- The Washington Times - Monday, June 5, 2000

The technology that has revolutionized the way America works and plays is also changing the way police catch criminals and those changes have some civil libertarians concerned.

From Vienna, Va., where unblinking electronic cameras monitor red lights, to Montgomery County, Md., where police use thermal imaging devices to "look" inside houses, high-tech law enforcement increasingly means authorities can see and hear just about anything, anywhere.

Just ask Gregory Hinton.

The twice-convicted bank robber is facing another stint behind bars after FBI agents used satellite tracking technology to follow Hinton in the moments after a Springfield, Va., bank robbery.

Agents suspected Hinton and had persuaded a judge to allow them to put a tracking device on his van. The hunch paid off when the FBI used satellite technology known as a global positioning system, or GPS to pinpoint Hinton's van after the robbery. He was pulled over and officers found about $42,000 worth of cash from the bank.

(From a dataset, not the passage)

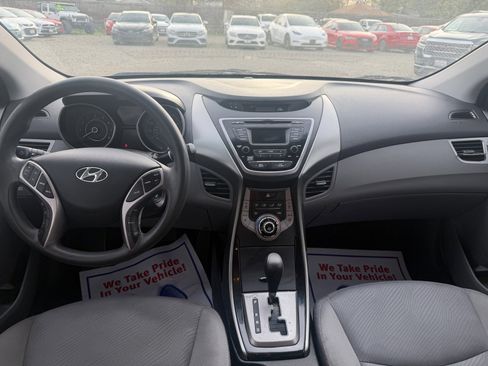 Used 2013 Hyundai Elantra GLS w/ Preferred Pkg image 15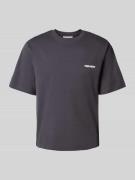 REVIEW T-Shirt mit Rundhalsausschnitt in Anthrazit, Größe L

Georgetown law professor Peter Rubin said the government's ability to track down a person via satellite is chilling, if not Orwellian.

"The government has information it wouldn't have otherwise with the technology," Mr. Rubin said. "It is a further invasion of privacy."

Tools such as night vision and the Internet are making it easier for the police to catch crooks, he acknowledged. Answering the question, "Are they using it just on the bad guys?" is much more difficult, he said.

Bradford Brown, chairman of George Mason University's school of law technology and law center, said what we are seeing now is the law having to catch up to the technology.

"A lot of the old laws aren't particularly applicable to what we have today," Mr. Brown said. "And in a lot of cases, judges are wrestling with some of the issues themselves."

Craig B. English, who represented Hinton in the Springfield bank robbery case, said the technology puts powerful tools in the hands of police. But that's not necessarily a bad thing for defendants, said the Alexandria, Va., lawyer. The precise nature of the evidence gathered, according to Mr. English, could also help make police officers more accountable.

"Forensic evidence … gives a neutral opinion," Mr. English said. "So when policemen claim that they were somewhere, we can verify that they were there. It's not skewed or slanted like the D.C. police."

Montgomery County police spokesman Derek Baliles disagrees with those critics who contend high-tech police work tramples on constitutional rights.

Mr. Baliles said his department usually obtains a search warrant before using electronic surveillance equipment but he adds that a warrant isn't always necessary.

If a suspect is on the run in a wooded area, for example, police are going to use thermal imaging devices to track him, warrant or not.

"The guy doesn't have a right to his thermal energy," Mr. Baliles said.

In December, the department used thermal imaging devices to "see" heating lamps and marijuana plants behind the walls of a Silver Spring, Md., house. In that instance, a warrant was obtained to use the technology.

"Without a search warrant, it would never make the preliminary hearing stage," Mr. Baliles said.

The town of Vienna has recently expanded its use of video cameras to catch people running red lights, said police Lt. Daniel A. Marcey. There will be a total of six cameras at key intersections by the end of the summer, he said.

For his department, the cameras have been effective in cutting costs and increasing the number of $50 tickets it dishes out.

"You figure the camera is there 24 hours a day, seven days a week," Mr. Marcey said. "It's more than any one officer can do. While an officer is writing a ticket, you can have three more violations."

Police in the District of Columbia have been making good use of GPS technology, said Sgt. Donald Yates of the electronic-surveillance unit.

"It seems to be a helpful tool. Early results are promising," Mr. Yates said.

He said he doesn't feel the technology violates a person's rights because "vehicles go up and down the streets all day."

"I wouldn't see it as an invasion of privacy," he said.

John Cassat, a spokesman for Garmin International, which manufactures GPS, said similar tracking devices can be bought at most electronics stores. While the devices used by law enforcement are more sophisticated, they still must rely on the same 24 satellites that can accurately pinpoint a location the size of a desk and map it out on a computer screen.

"We kind of demystify what they do," Mr. Cassat said. "We're using the same satellites and have the same potential for accuracy."

Sensors attached to cars the police track cost no more than $200, and a handheld tracking device can cost as little as $149, he said.